Houston, we have a problem.
Trying to create a new table with cqlsh on an existing Cassandra (v2.1.3) keyspace results in:
ServerError:
<ErrorMessage code=0000 [Server error] message="java.lang.RuntimeException:
java.util.concurrent.ExecutionException:
java.lang.RuntimeException:
org.apache.cassandra.exceptions.ConfigurationException: Column family ID mismatch (found e8c03790-c952-11e4-a753-5981ea73cd7c; expected e8b14370-c952-11e4-a844-8f10bfb9c386)">
After the first create attempt, trying once more will result in:
AlreadyExists: Table 'ks.metrics' already exists
But retrieving the list of existing tables for the keyspace desc tables; will not report the new table.
The issue seems related to Cassandra-8387 except that there's only one client trying to create the table: cqlsh
We do have a bunch of Spark jobs that will create the keyspaces and tables at startup, potentially doing this in parallel.

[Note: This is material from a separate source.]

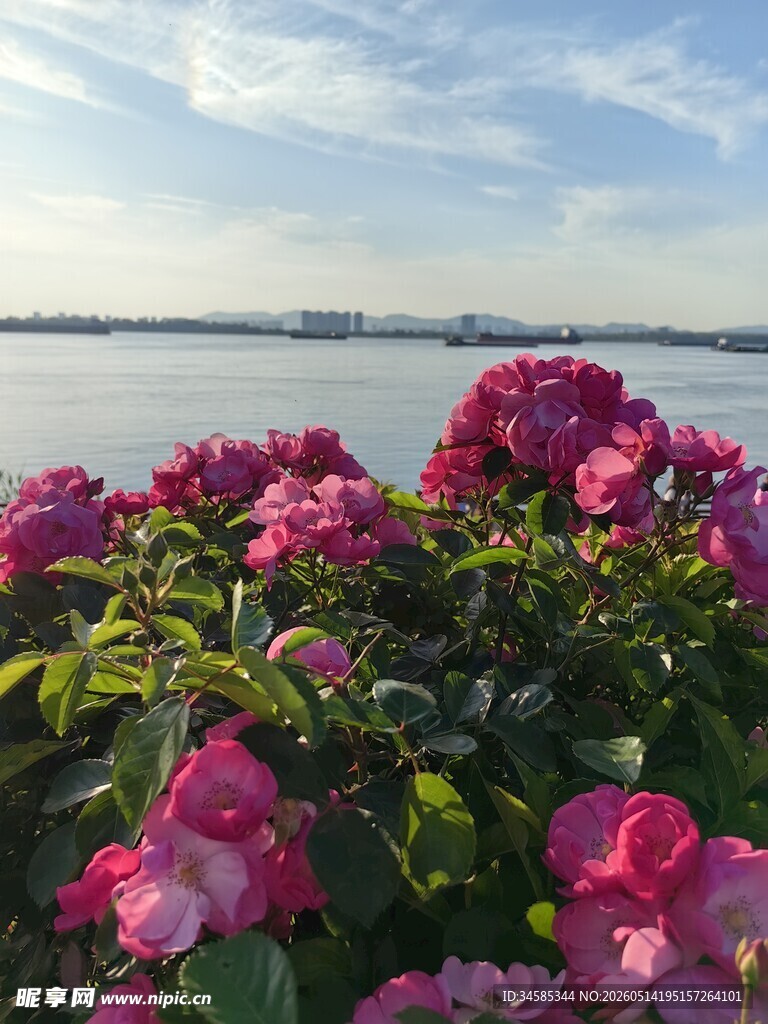 湖畔繁花绽放美景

Would this render the keyspace corrupt?
Creating a new keyspace and adding a table to it works as expected.
Any ideas?
UPDATE
Found a workaround: issue a repair on the keyspace and the tables will appear (desc tables) and are also functional.
Short answer: They have a race condition, which they think they resolved in 1.1.8...
Long answer:
I get that error all the time on one of my clusters. I have test machines that have really slow hard drives and creating one or two tables is enough to get the error when I have 4 nodes on two separate computers.

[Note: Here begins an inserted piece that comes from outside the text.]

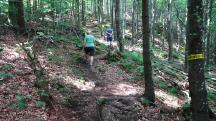  Blick auf die Wanderstrecke zum Gro�en Peilstein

Below I have a copy of the stack trace from my Cassandra 3.7 installation. Although your version was 2.1.3, I would be surprised that this part of the code changed that much.

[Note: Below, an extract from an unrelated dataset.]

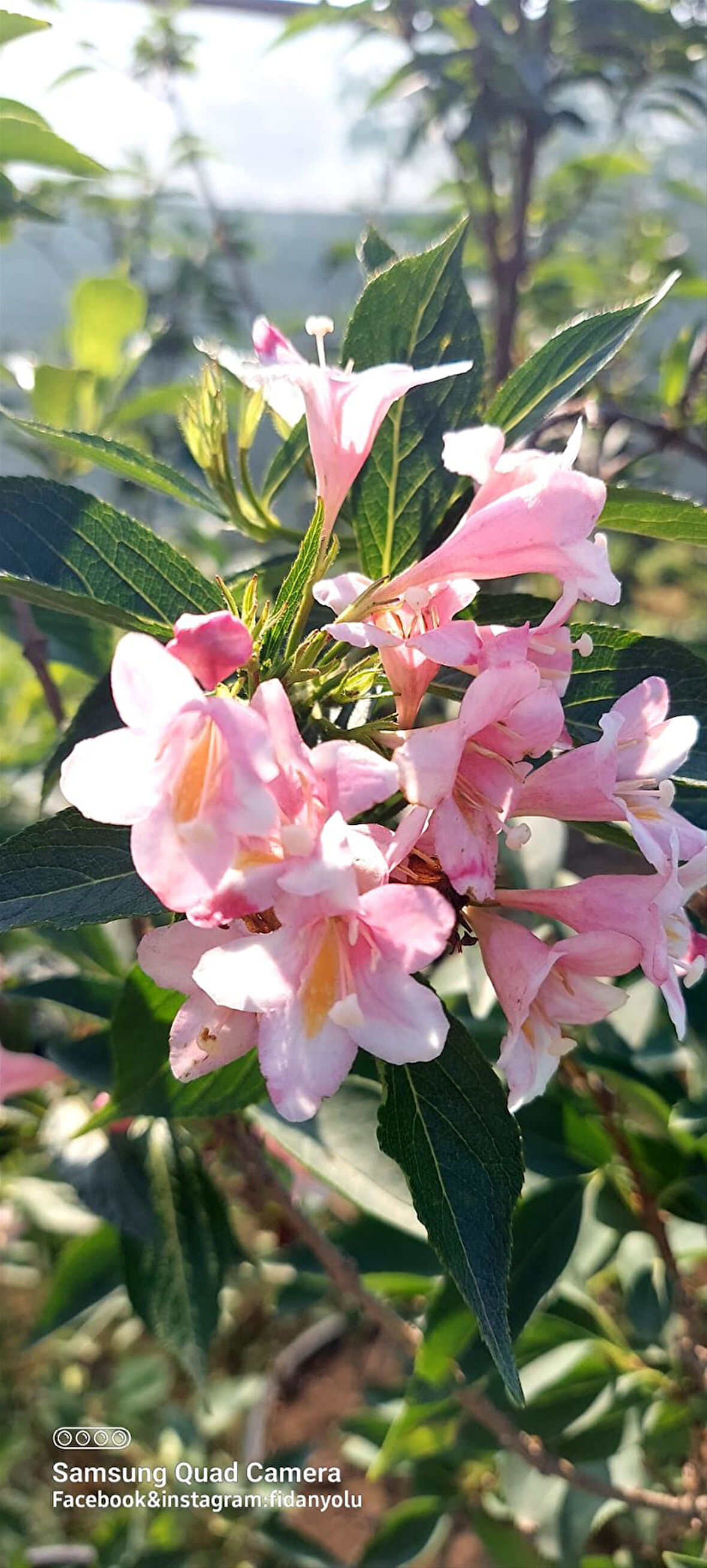 Vangelya Gelin Tacı Pembe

As we can see, the exception happens in the validateCompatibility() function. This requires that the new and old versions of the MetaData have these equal:
ksName (keyspace name)
cfName (columnfamily name)
cfId (columnfamily UUID)
flags (isSuper, isCounter, isDense, isCompound)
comparator (key sorting comparator)
If any one of these values do not match between the old and new meta data, then the process raises an exception. In our case, the cfId values are different.
Going up the stack, we have the apply() which calls validateCompatibility() immediately.
Next we have updateTable(). Similarly, it calls apply() nearly immediately. First it calls the getCFMetaData() to retrieve the current column family data ("old") that is going to be compared against the new data.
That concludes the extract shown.